SUPPLIED MATERIAL: Begin

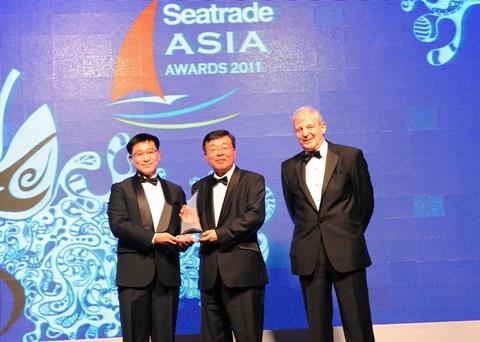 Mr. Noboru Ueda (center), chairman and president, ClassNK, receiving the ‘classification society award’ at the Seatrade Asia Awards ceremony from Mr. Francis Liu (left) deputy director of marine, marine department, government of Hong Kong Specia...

SUPPLIED MATERIAL: End
SUPPLIED MATERIAL: Begin

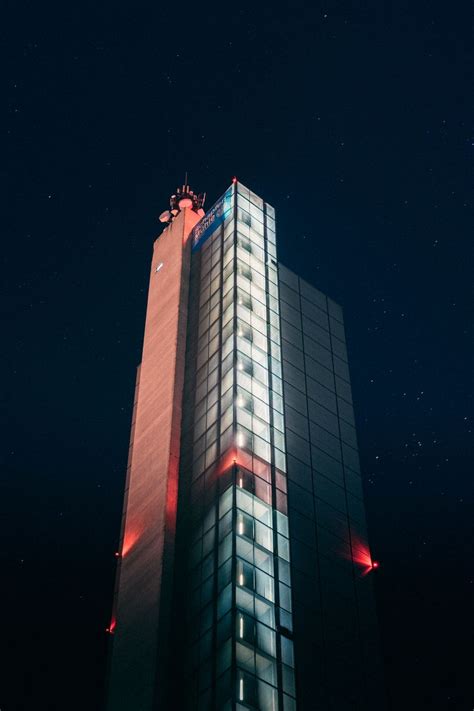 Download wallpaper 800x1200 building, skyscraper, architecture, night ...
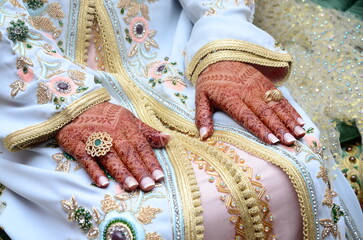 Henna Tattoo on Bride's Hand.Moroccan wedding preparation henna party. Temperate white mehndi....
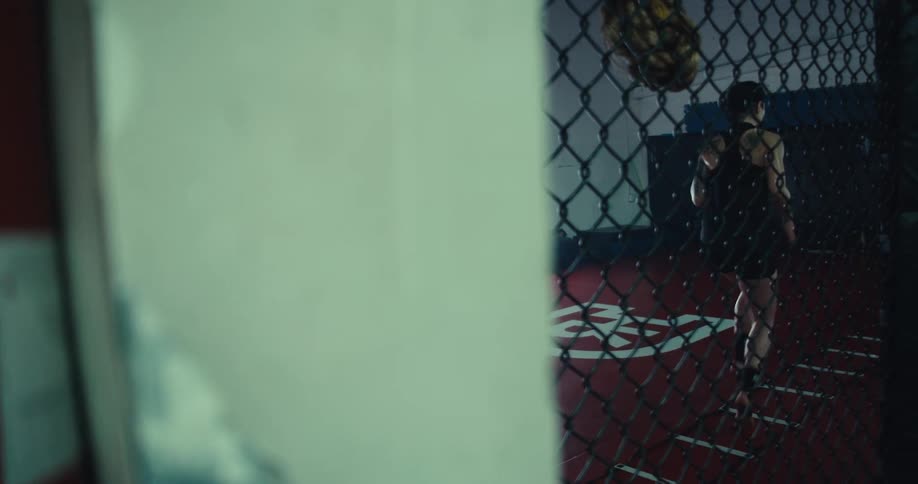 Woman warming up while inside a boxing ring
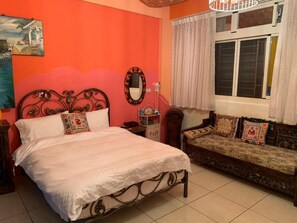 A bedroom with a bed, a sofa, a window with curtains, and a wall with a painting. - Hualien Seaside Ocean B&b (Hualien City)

SUPPLIED MATERIAL: End

__WHAT THE TASK ASKS__
Using the listing above, repeat word for word each line from the one with "Download wallpaper 800x1200" down to the one with "A bedroom with", both included. Omit all pictures.

__YOUR RESPONSE__
 Download wallpaper 800x1200 building, skyscraper, architecture, night ...
 Henna Tattoo on Bride's Hand.Moroccan wedding preparation henna party. Temperate white mehndi....
 Woman warming up while inside a boxing ring
 A bedroom with a bed, a sofa, a window with curtains, and a wall with a painting. - Hualien Seaside Ocean B&b (Hualien City)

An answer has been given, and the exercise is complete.